• WHAT YOU HAVE TO DO: Reproduce exactly, and only, the lines below from the one containing "Sea Green Dupion" through the one containing "Crocheted flower bag".

• STORED DATA:

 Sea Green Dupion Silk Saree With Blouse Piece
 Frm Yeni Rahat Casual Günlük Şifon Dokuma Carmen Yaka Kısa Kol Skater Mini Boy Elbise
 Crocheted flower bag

---

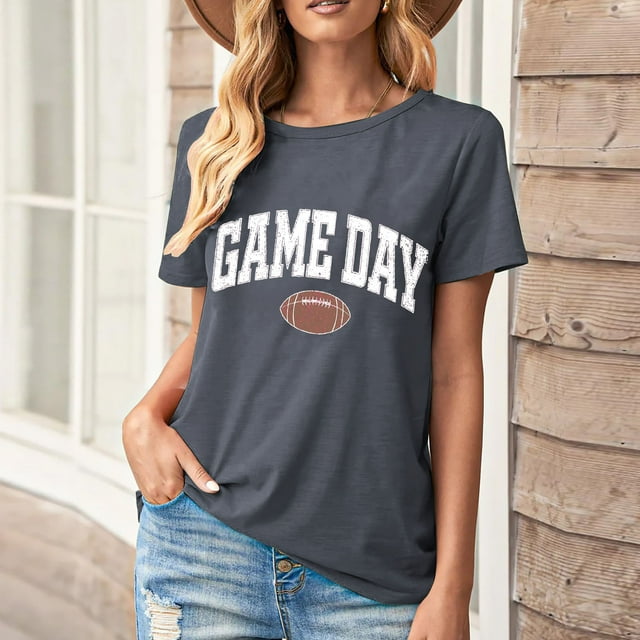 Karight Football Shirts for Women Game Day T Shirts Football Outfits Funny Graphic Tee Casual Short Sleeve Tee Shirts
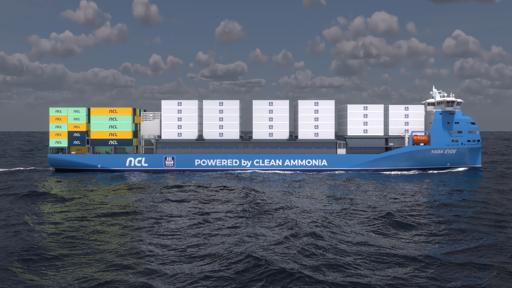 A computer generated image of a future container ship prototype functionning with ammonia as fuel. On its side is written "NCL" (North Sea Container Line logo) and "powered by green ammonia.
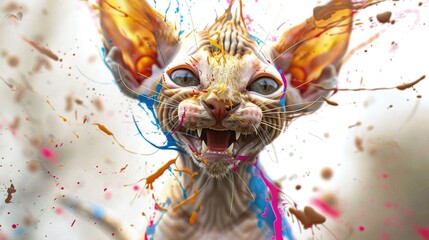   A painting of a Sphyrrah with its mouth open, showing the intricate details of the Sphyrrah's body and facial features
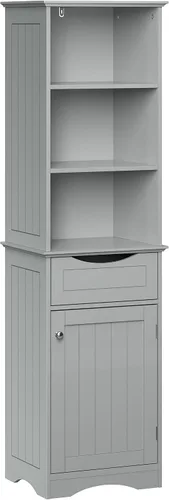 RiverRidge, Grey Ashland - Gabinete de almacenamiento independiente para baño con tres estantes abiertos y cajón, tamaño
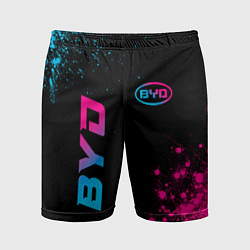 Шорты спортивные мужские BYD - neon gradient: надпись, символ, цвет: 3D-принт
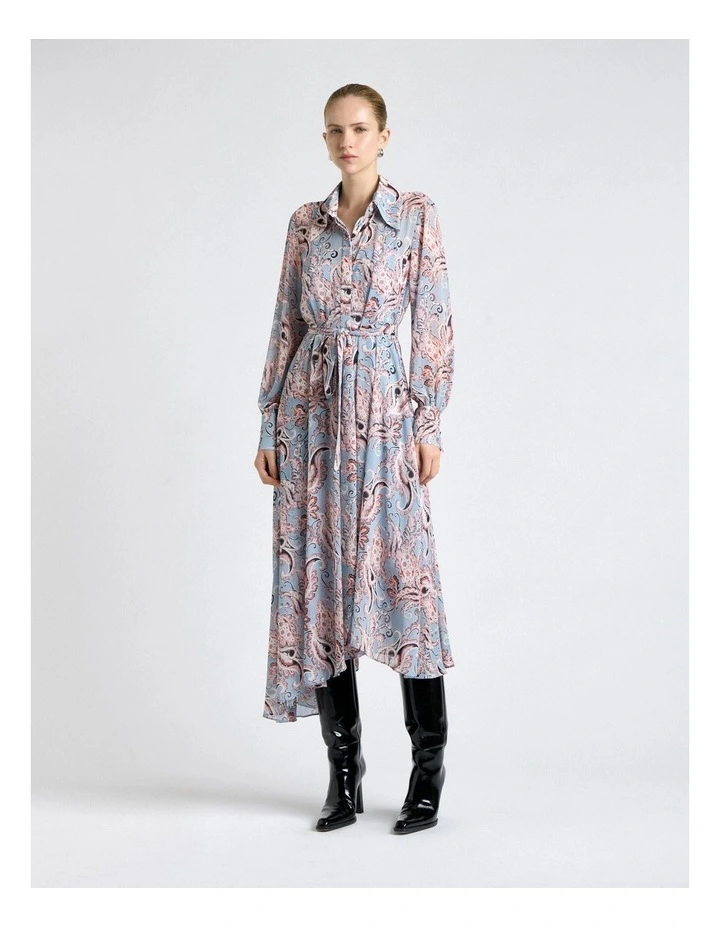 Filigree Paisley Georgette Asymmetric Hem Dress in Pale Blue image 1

• OUTPUT OF THE TASK:
 Sea Green Dupion Silk Saree With Blouse Piece
 Frm Yeni Rahat Casual Günlük Şifon Dokuma Carmen Yaka Kısa Kol Skater Mini Boy Elbise
 Crocheted flower bag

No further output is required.